*Task brief*. Copy out the data in full and exactly, passing over the pictures.

*Records for this exercise*.
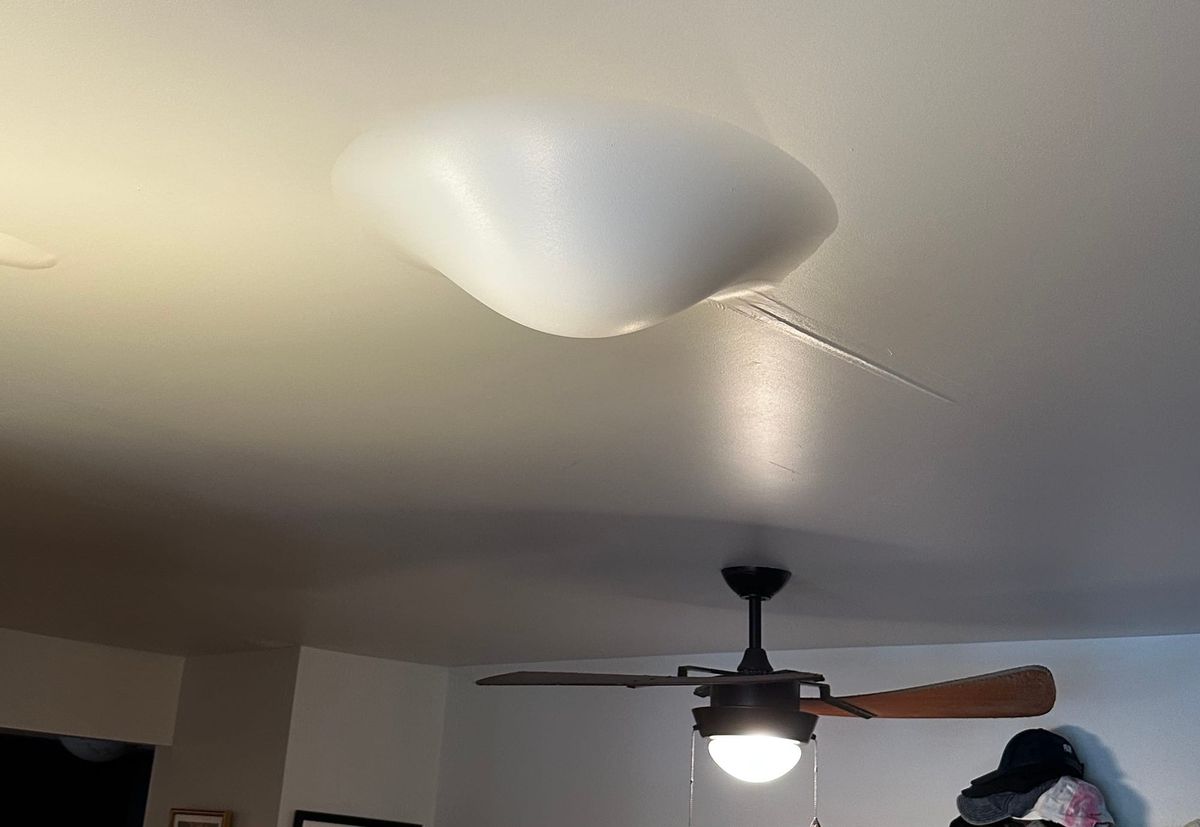 Big bulging water damage on my ceiling with a ceiling fan in the background for scale. Also some hats, not important.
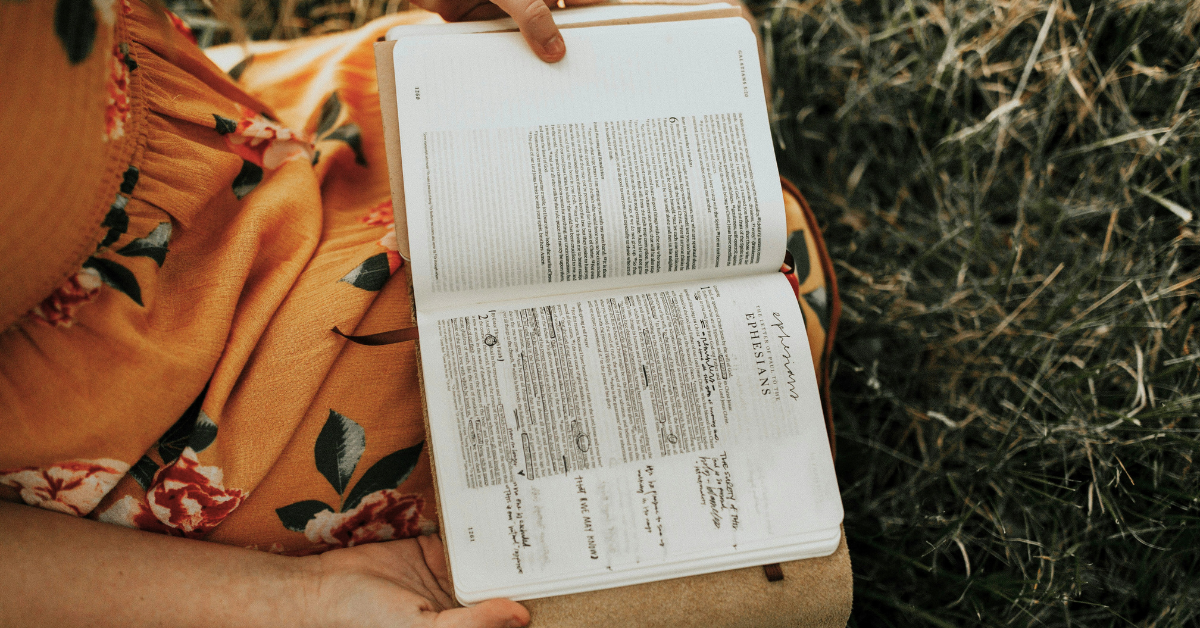 woman with a Bible in her lap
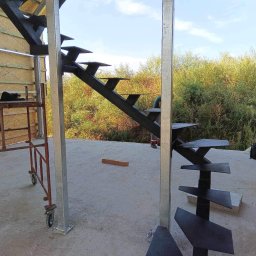 Mariusz Głąb - Konstrukcja schodów spiralnych z czarnego metalu w surowym stanie, widoczne rusztowanie i zieleń w tle, częściowo zmontowane.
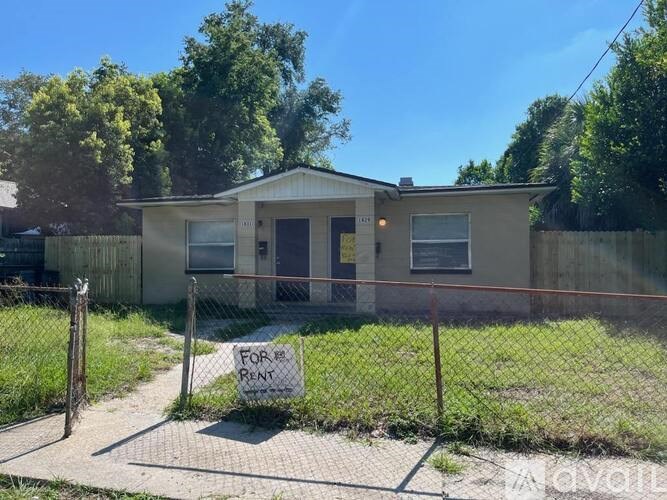 A house is for rent with a fence surrounding it.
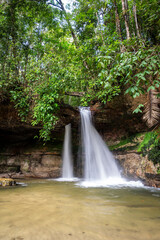 Obraz premium Beautiful view to water coming out of holes in Pedra Furada waterfall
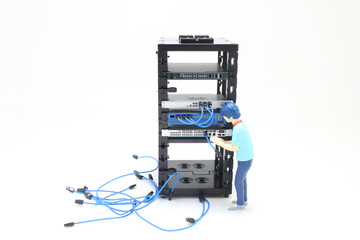 figure IT Engineer in Action Configuring Servers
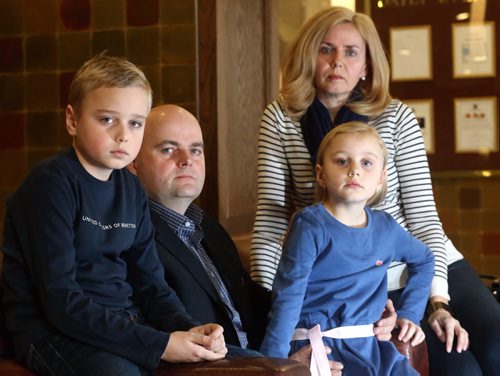 Karl and Petra Dornetschuber and their kids, Ben, 10 and Anna 7, in the lobby of the Fairmont Hotel, Friday, February 28, 2014. The families' Wellington Crescent home burned on February 16th. (TREVOR HAGAN/WINNIPEG FREE PRESS)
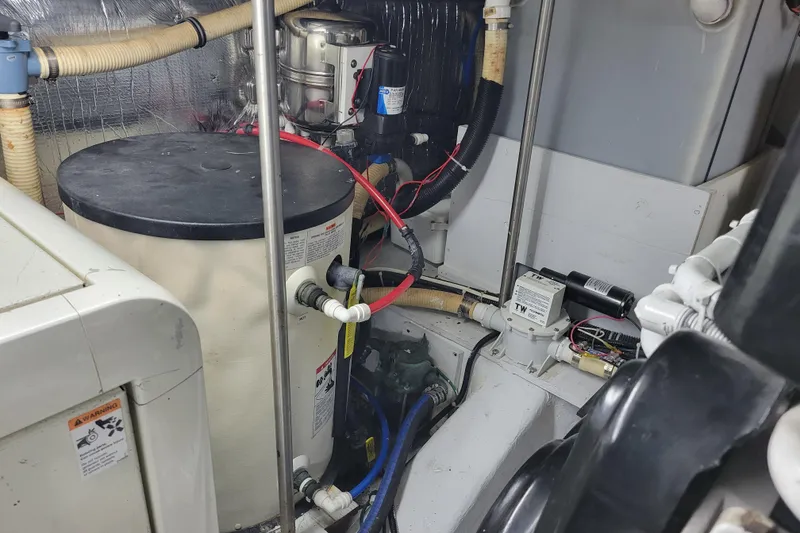 Slide: The Image of Engine room of a 2001 Carver 570 Voyager Pilothouse with mechanical components and wiring. - 139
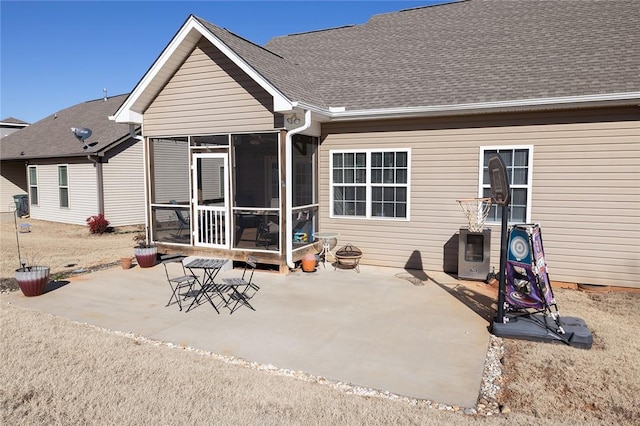 rear view of house with a patio area, a sunroom, and roof with shingles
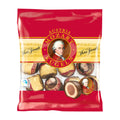 Packaging of Victor Schmidt Mozart Kugeln pralines, showing the product name and images of Mozart's face on the packaging, indicating the chocolate balls are a tribute to Mozart.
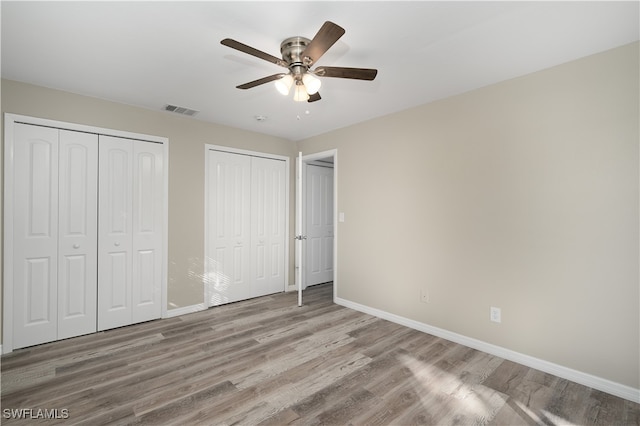 unfurnished bedroom with light wood-type flooring, ceiling fan, and multiple closets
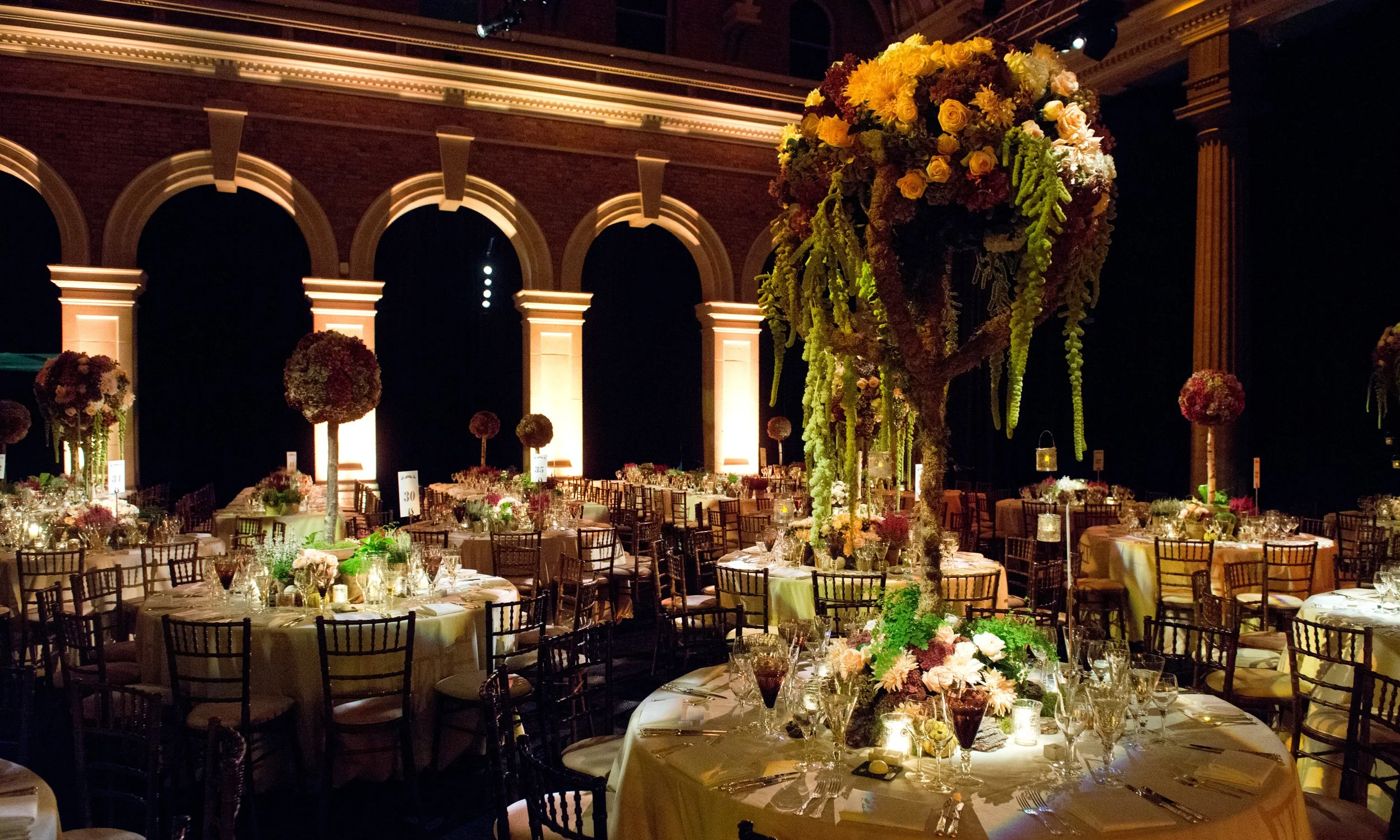 An elegantly decorated banquet hall with round tables covered in white tablecloths, adorned with floral centerpieces. There are numerous chairs arranged around the tables and a prominent tall floral arrangement in the center of the image, featuring y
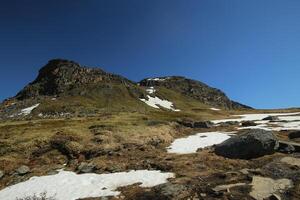 Mountains, grassland and rocks at the valley Karkevagge in Northern Sweden photo
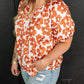 Loose fit floral blouse in vibrant orange and white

*Exercise answer*.
 Big bulging water damage on my ceiling with a ceiling fan in the background for scale. Also some hats, not important.
 woman with a Bible in her lap
 Mariusz Głąb - Konstrukcja schodów spiralnych z czarnego metalu w surowym stanie, widoczne rusztowanie i zieleń w tle, częściowo zmontowane.
 A house is for rent with a fence surrounding it.
 Obraz premium Beautiful view to water coming out of holes in Pedra Furada waterfall
 figure IT Engineer in Action Configuring Servers
 Karl and Petra Dornetschuber and their kids, Ben, 10 and Anna 7, in the lobby of the Fairmont Hotel, Friday, February 28, 2014. The families' Wellington Crescent home burned on February 16th. (TREVOR HAGAN/WINNIPEG FREE PRESS)
 Slide: The Image of Engine room of a 2001 Carver 570 Voyager Pilothouse with mechanical components and wiring. - 139
 rear view of house with a patio area, a sunroom, and roof with shingles
 Packaging of Victor Schmidt Mozart Kugeln pralines, showing the product name and images of Mozart's face on the packaging, indicating the chocolate balls are a tribute to Mozart.
 unfurnished bedroom with light wood-type flooring, ceiling fan, and multiple closets
 An elegantly decorated banquet hall with round tables covered in white tablecloths, adorned with floral centerpieces. There are numerous chairs arranged around the tables and a prominent tall floral arrangement in the center of the image, featuring y
 Mountains, grassland and rocks at the valley Karkevagge in Northern Sweden photo
 Loose fit floral blouse in vibrant orange and white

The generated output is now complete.